Le droit à l'information des citoyen×ne·s doit être garanti dans notre pays. L'unique moyen est de faire en sorte qu'une charte de déontologie, inspirée de la charte de Munich et des préconisations du SNJ, soit enfin adoptée.
Par cet amendement d'appel, nous en proposons une rédaction, qui pourra évidemment faire l'objet de discussions, et nous l'espérons, d'éventuels sous-amendements avant son adoption.
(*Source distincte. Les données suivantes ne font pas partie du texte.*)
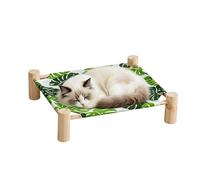 Elevated Cat Beds - Raised Kitten Bed, Cat Hammock Bed for Indoor Pets, Pet Cot Furniture with Sturdy Steel Frame, Pet Hammock, Cats Sofa Ideal for Living Room Workplace Balcony Outdoor Patio Use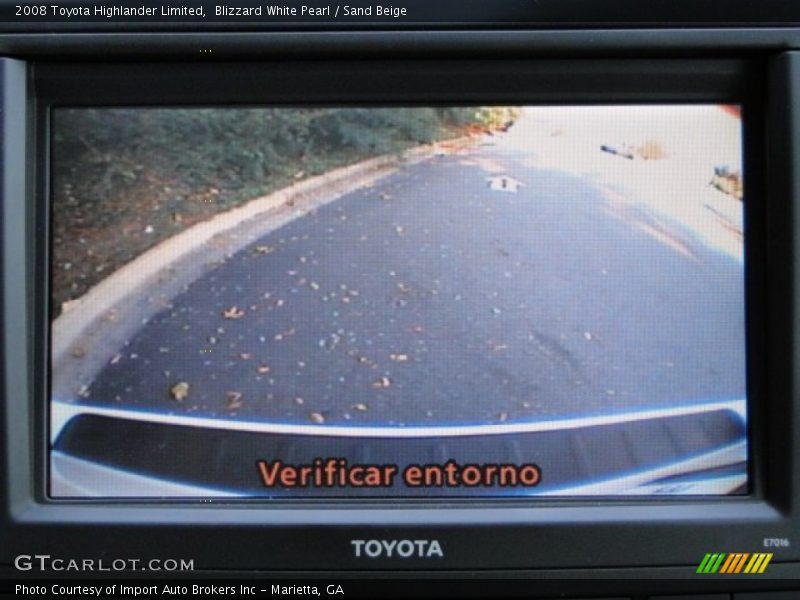 Blizzard White Pearl / Sand Beige 2008 Toyota Highlander Limited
C'est en effet le moyen le plus certain de lutter contre les fausses informations, parfois, voire souvent, produites par les journalistes eux-mêmes. Il nous semble en effet très dangereux que la loi actuelle repose sur « une intention délibérée de nuire », selon les recommandations du Conseil d'État. En effet, cette intention délibérée vise à exclure du contrôle du juge des référés les travaux des journalistes, alors même que les fausses informations qu'ils peuvent parfois diffuser ont, sur l'opinion, des conséquences qui sont tout aussi dangereuses, voire plus, du fait de l'autorité morale qu'ils tirent de la possession d'une carte de presse.
Par exemple, quand la totalité des médias français relaient en janvier la fausse information sur Abderazak Besseghir, le bagagiste de Roissy soupçonné à tort d'être un terroriste en janvier 2003, ils détruisent la vie de cet individu. Que ce mensonge ait été commis sans intention et que les médias aient ensuite reconnu leur erreur n'y change rien. De la même manière, les mensonges colportés par le New York Times, Le Washington Post et le Wall Street Journal en 2003 sur les armes de destruction massive en Irak la même année ont produit leur effet sur l'opinion et ont eu des conséquences graves sur la vie de millions de personnes.
Il est donc fondamental que les journalistes soient aussi soumis à des règles fondamentales de déontologie, ce que nous proposons par cette charte.